Publishing academic papers with LaTeX / pdfTeX often requires working with PDFs. During grad school at the University of Waterloo, I published mainly in the IEEE Geoscience and Remote Sensing journals, which accepted PDF format submissions with LaTeX source files. On this page I will document some tips and tricks I learned as I handled (or, on some days, physically dueled with) PDF files. This will hopefully save you some headaches.
Be sure to check out the other parts of my PDF manipulation tips:
Part 1 of this document focuses on things you can do with GhostScript. Part 2 focuses on things you can do with other programs like Pdftk.
For these tips, you will need to install at least GPL GhostScript, an open source software package that can manipulate PostScript and PDF files. Once installed, add the bin directory of the Ghostscript installation to your system path. The examples I give below are for the Windows version of Ghostscript, gswin32c.exe, for other systems you replace it with gs.

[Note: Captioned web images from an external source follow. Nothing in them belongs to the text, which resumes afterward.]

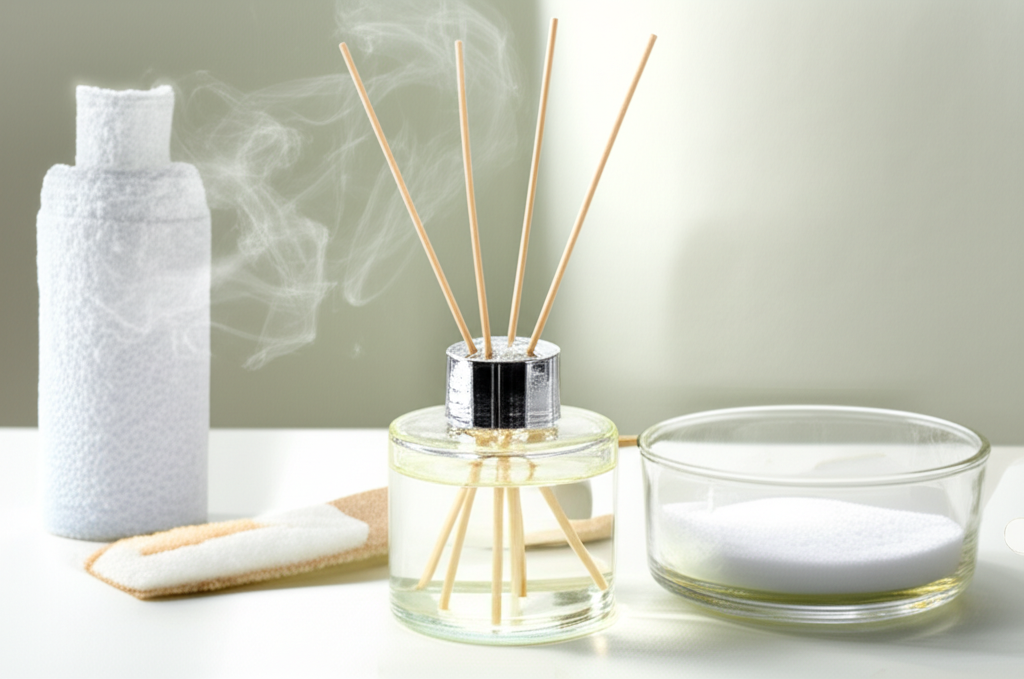 Ambientação de um banheiro ou cozinha limpa, com um difusor de aromas sutil e um recipiente aberto de bicarbonato de sódio em um canto, simbolizando técnicas de eliminação de odores. Iluminação suave e foco na frescura.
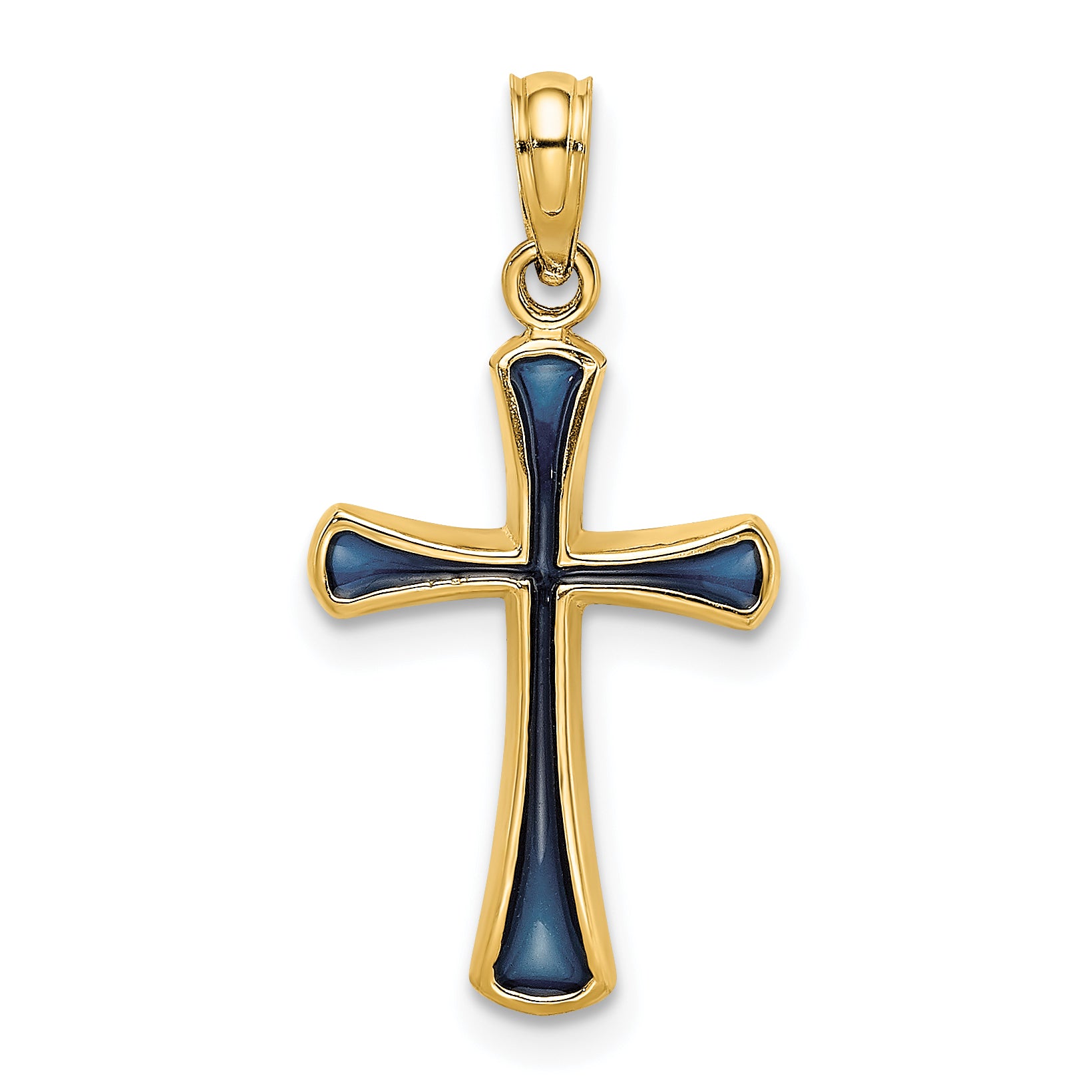14K Blue Enameled Tapered Cross Charm Main image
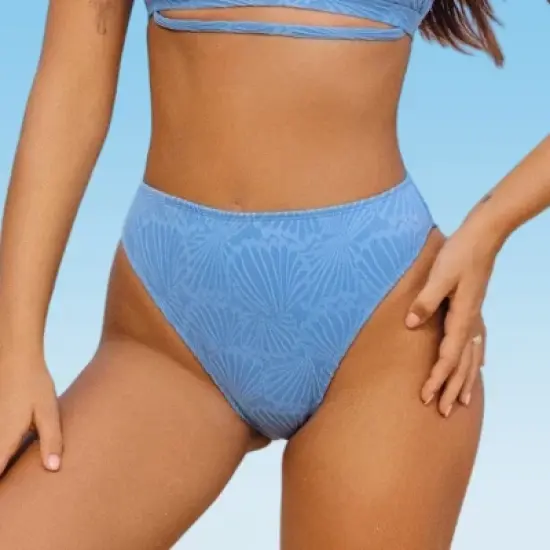 Women's High Waist Textured Bikini Bottom - Cupshe image {7}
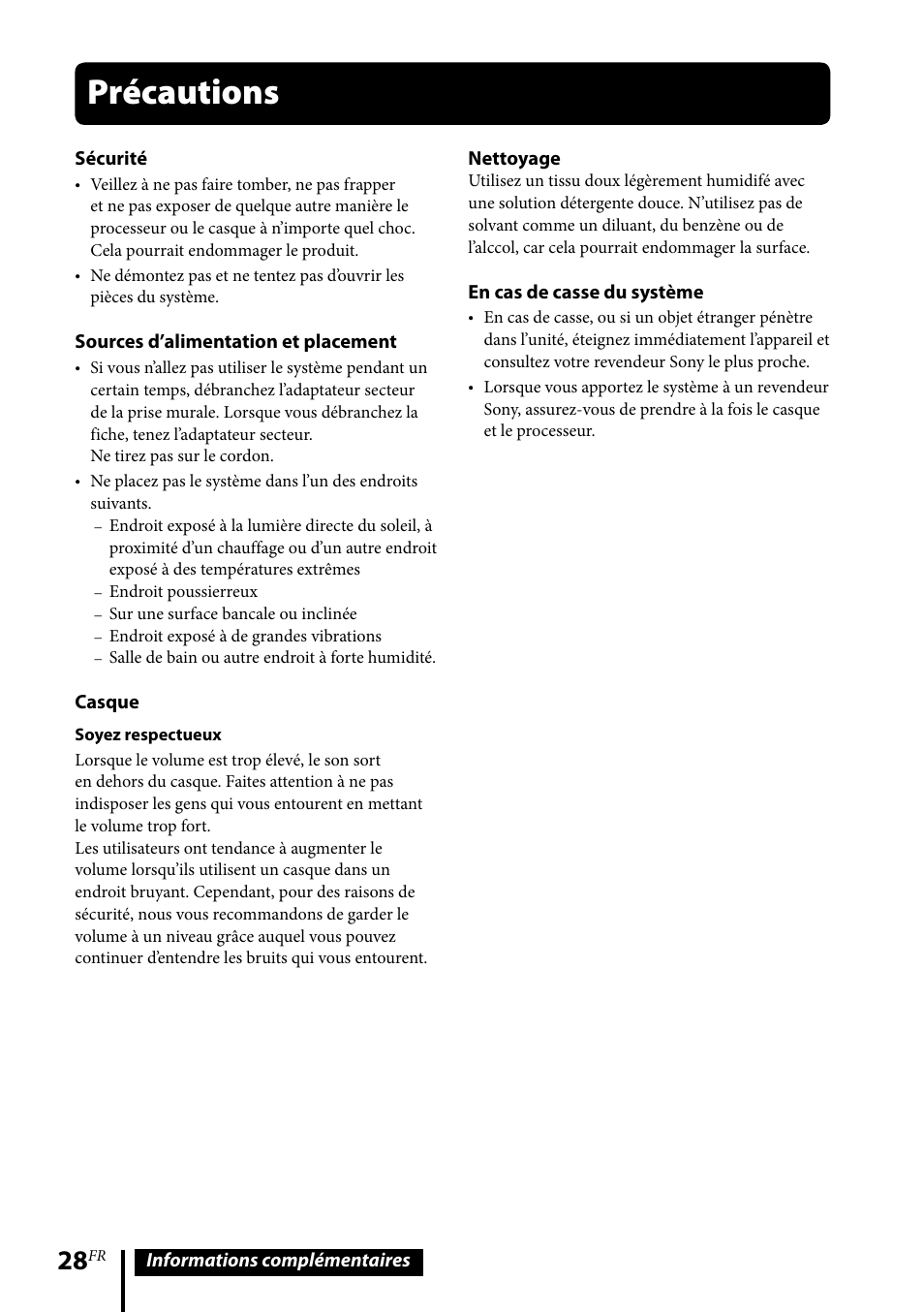 Précautions, Informations complémentaires sécurité, Sources d’alimentation et placement | Casque, Nettoyage, En cas de casse du système | Sony MDR-DS6500 User Manual | Page 56 / 88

If you use GhostScript as described here to process a PDF which has images with alpha channels (transparency), the images may not show up in the resulting PDF (there seems to be an error in the image). If these are PDF files you created yourself with pdfTeX, then most likely the original images that you included with the \includegraphics
command had alpha channels. Just remove the alpha channels from the original images and recreate the PDF with pdfTeX before using GhostScript.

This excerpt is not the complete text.